**WHAT TO PRODUCE**
Could you restate, exactly and with nothing added, the lines from the start of the data through the line that holds "Vecinos de Babilafuente", leaving the pictures out?

***** EXERCISE DATA

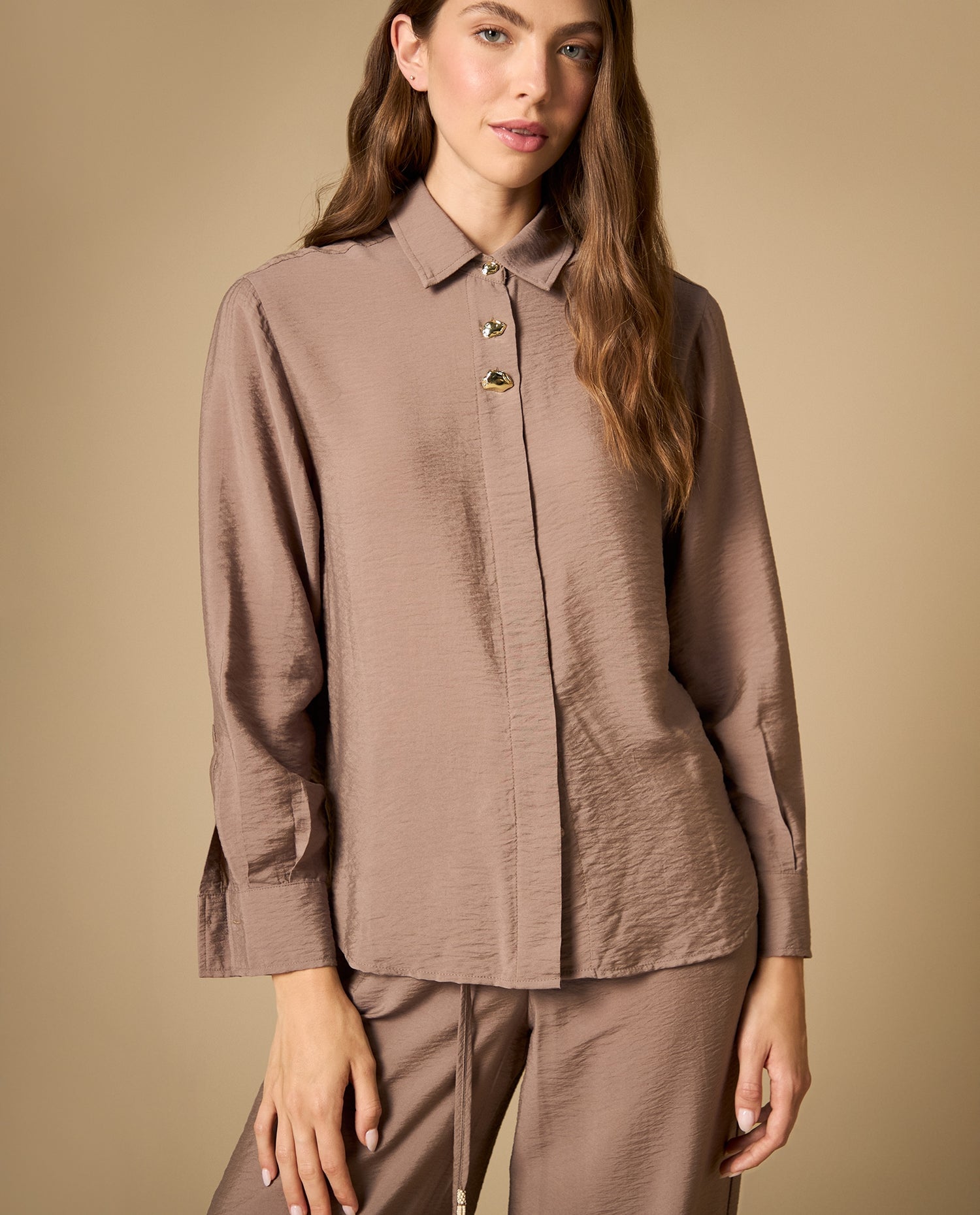 Camisa camisera manga larga con caída fluida - Café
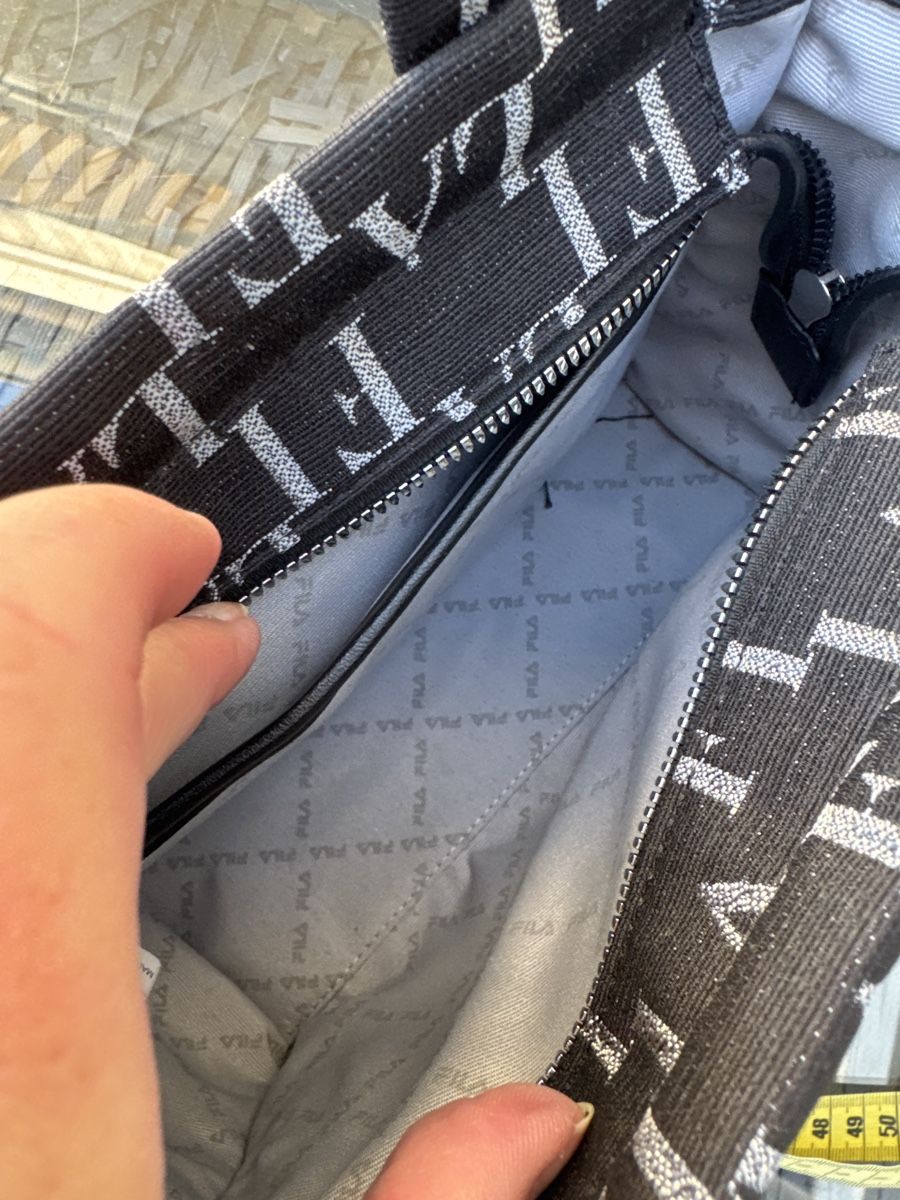 Fila Taschen für Damen: Fila Umhängetasche Neu (S) – Neu und originalverpackt aus Vezia von sidu03 2
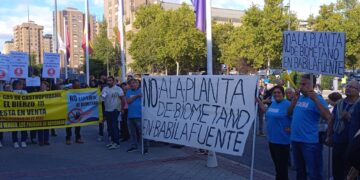 Vecinos de Babilafuente llevan a Valladolid sus protestas contra la futura planta de biogás que quiere instalarse en la localidad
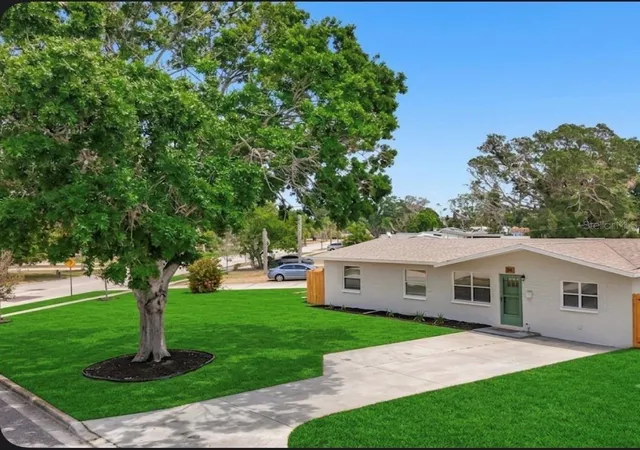 Photo 1 of Single family home for sale at 200 Lewis Blvd Se, St Petersburg, FL 33705 | MLS# O6423231 | Listing updated on 2026-10-06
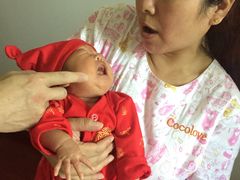 -爱的果实月嫂育婴师(世纪东方店)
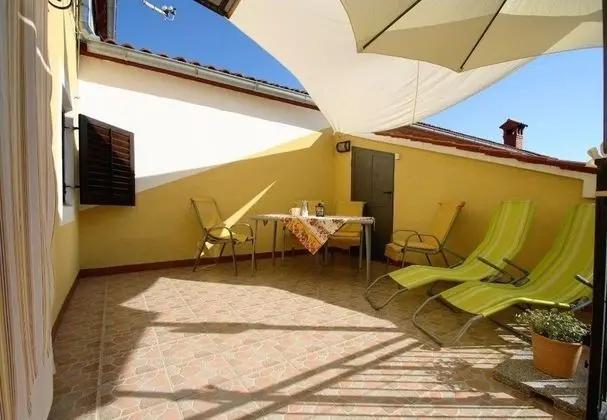 Bosi - Free Parking - H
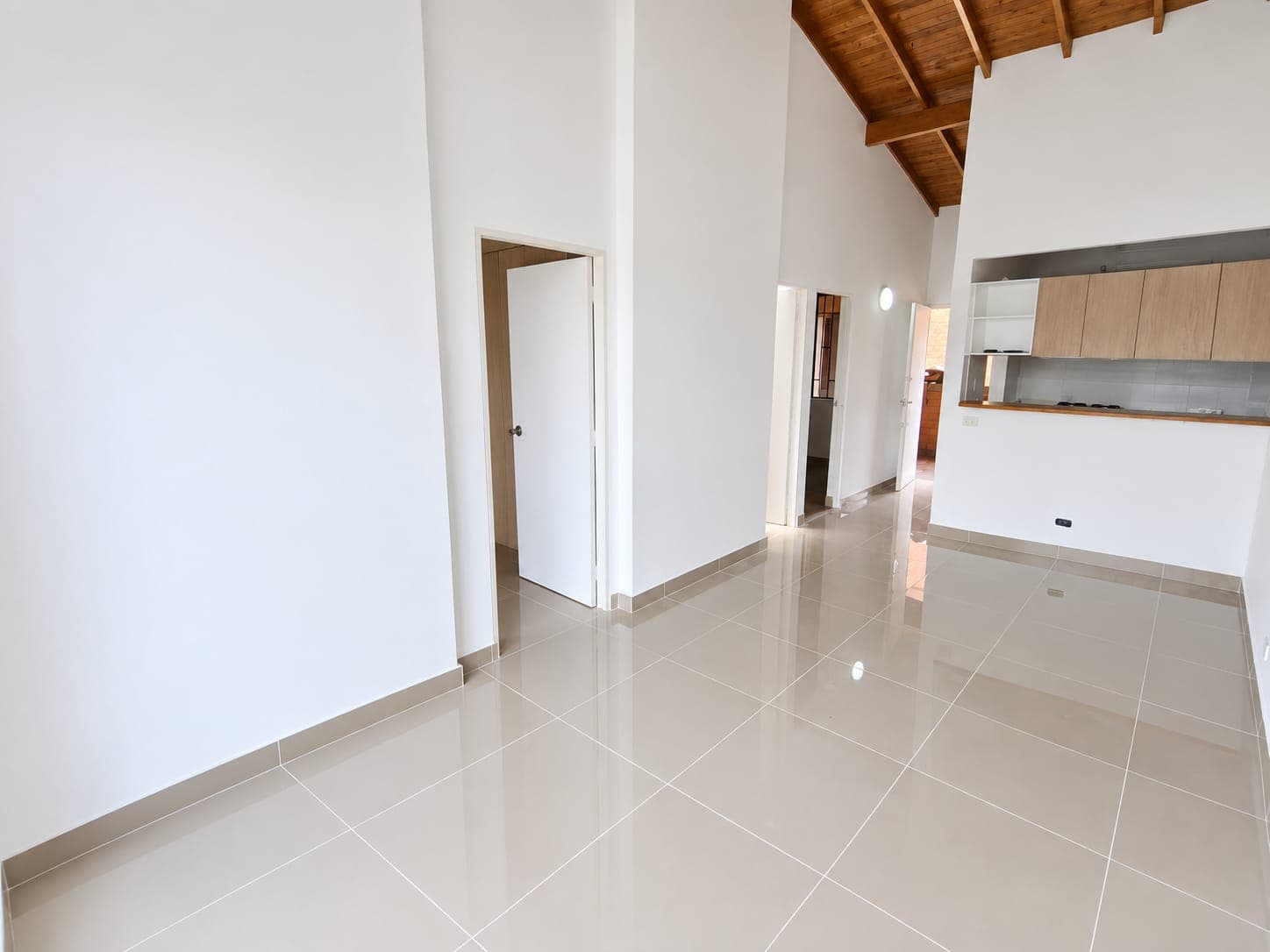 Apartamento en arriendo en Simón Bolívar Medellín, La America — foto 3 de 12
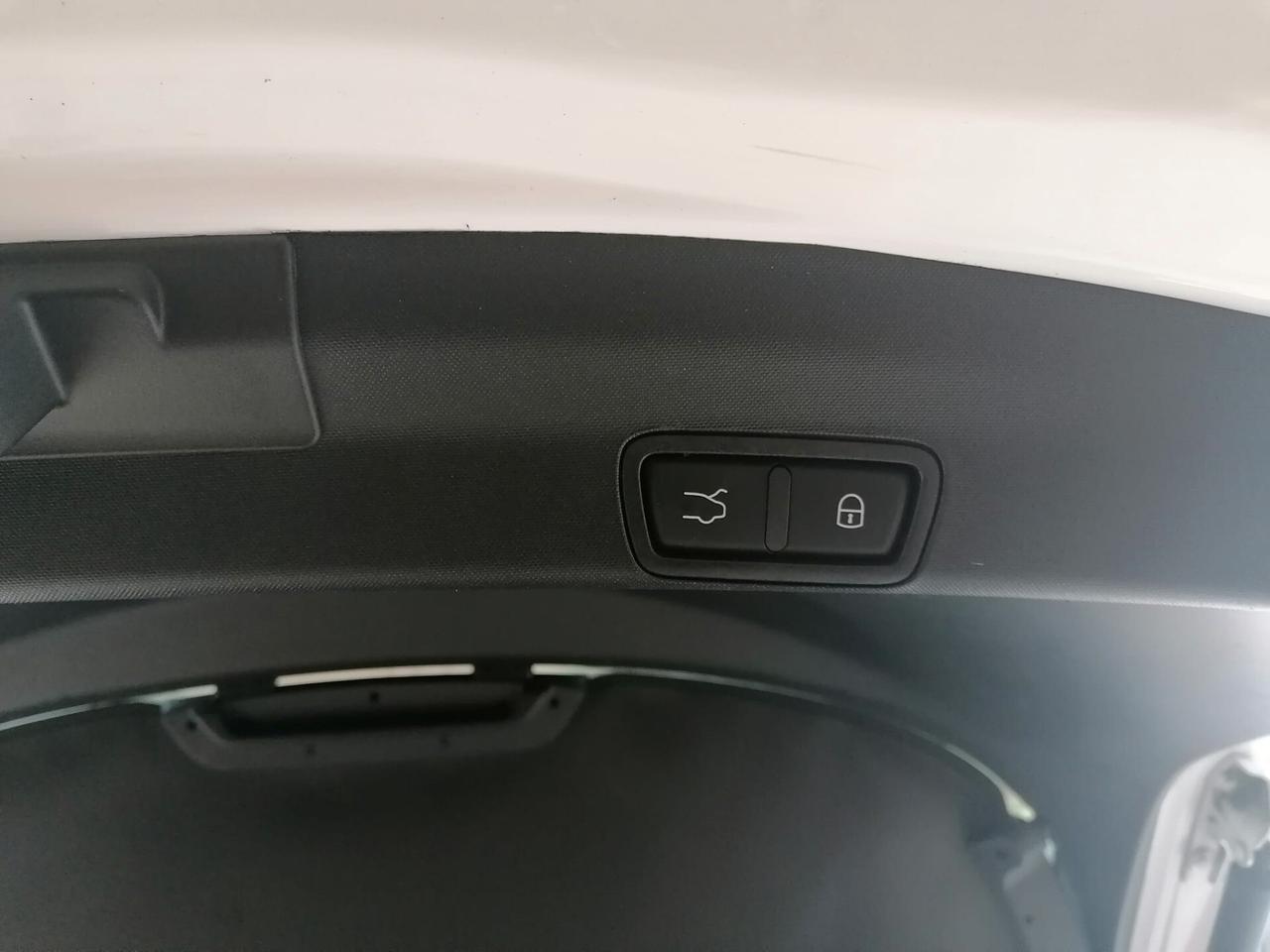 Alfa Romeo Stelvio 2.2 Turbodiesel 210 CV AT8 Q4 Executive TETTO NAVY PELLE H/K 20'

**********

**SOLUTION TO THE PROBLEM**
 Camisa camisera manga larga con caída fluida - Café
 Fila Taschen für Damen: Fila Umhängetasche Neu (S) – Neu und originalverpackt aus Vezia von sidu03 2
 Vecinos de Babilafuente llevan a Valladolid sus protestas contra la futura planta de biogás que quiere instalarse en la localidad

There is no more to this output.